Start of Exercise materials
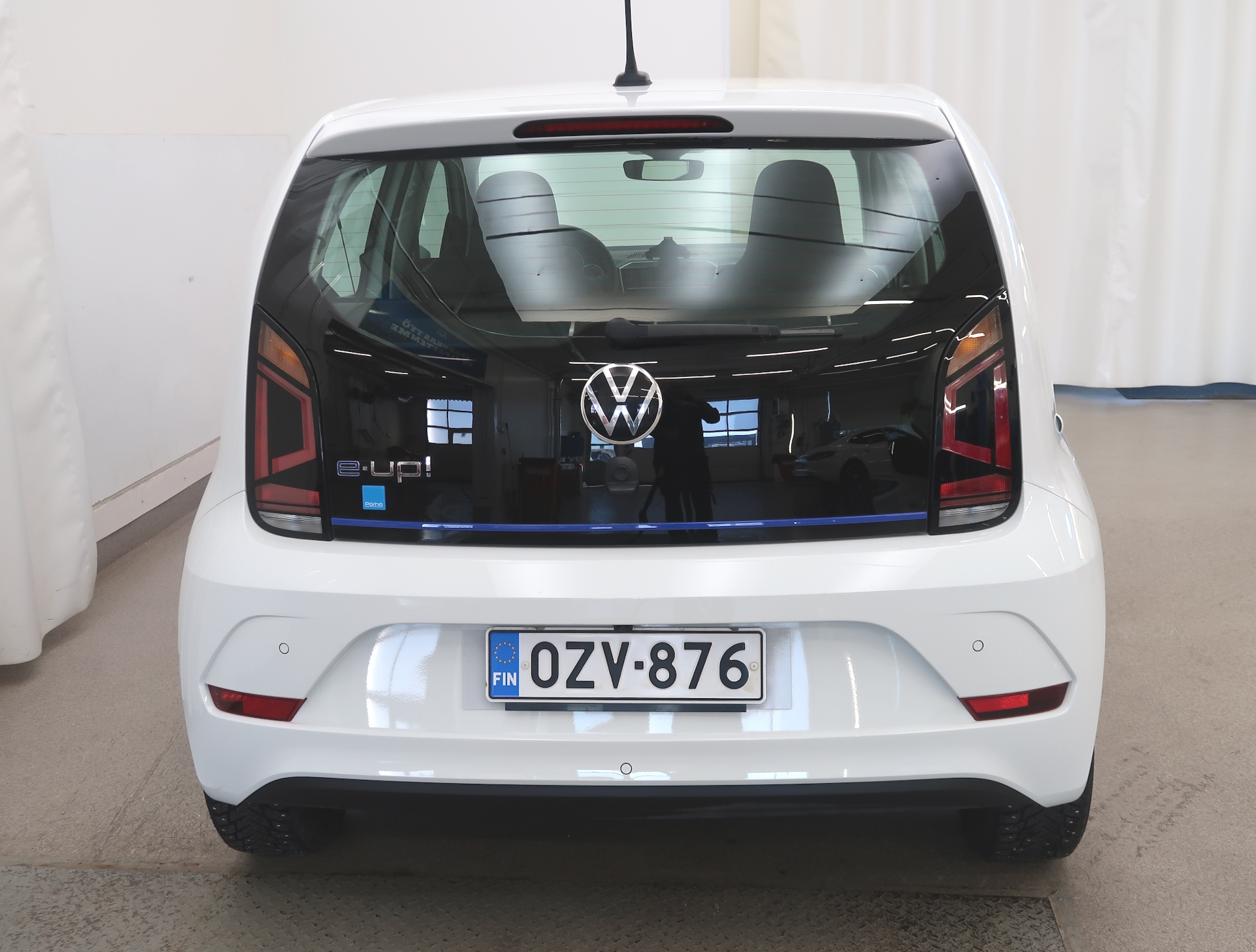 Volkswagen up! 2023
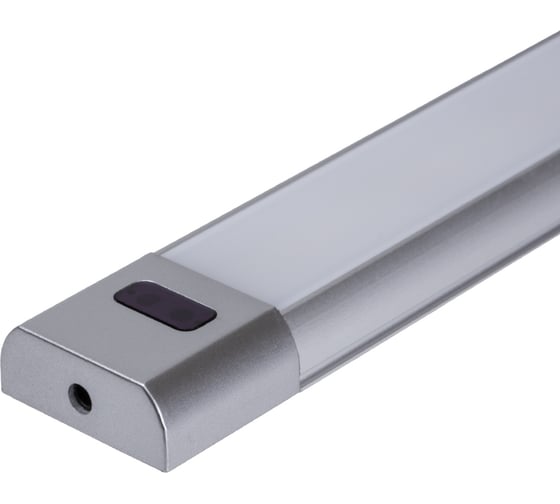 Светильник TDM ELECTRIC LED500х30 линейный, 8 Вт, 230 В, датчик движения, диммер, 2700-6000К, SQ0329-3606
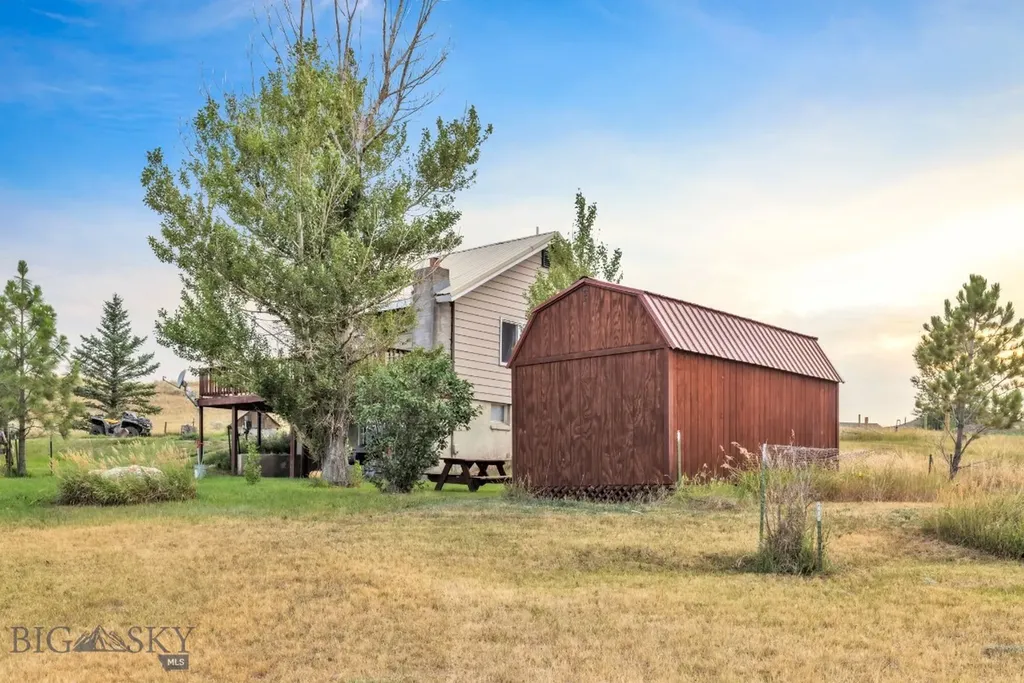 10 Chesapeake Drive Livingston MT 59047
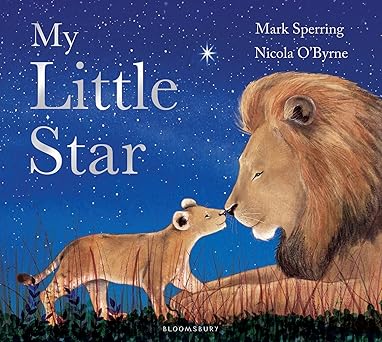 My Little Star -  Mark Sperring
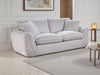 Berlin 2 Seater Sofa - Beige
End of Exercise materials
Go to the line with "Светильник TDM ELECTRIC" in the entries above. Reproduce that line and each one after it to the end, exactly and without the pictures.

(Solution)
 Светильник TDM ELECTRIC LED500х30 линейный, 8 Вт, 230 В, датчик движения, диммер, 2700-6000К, SQ0329-3606
 10 Chesapeake Drive Livingston MT 59047
 My Little Star -  Mark Sperring
 Berlin 2 Seater Sofa - Beige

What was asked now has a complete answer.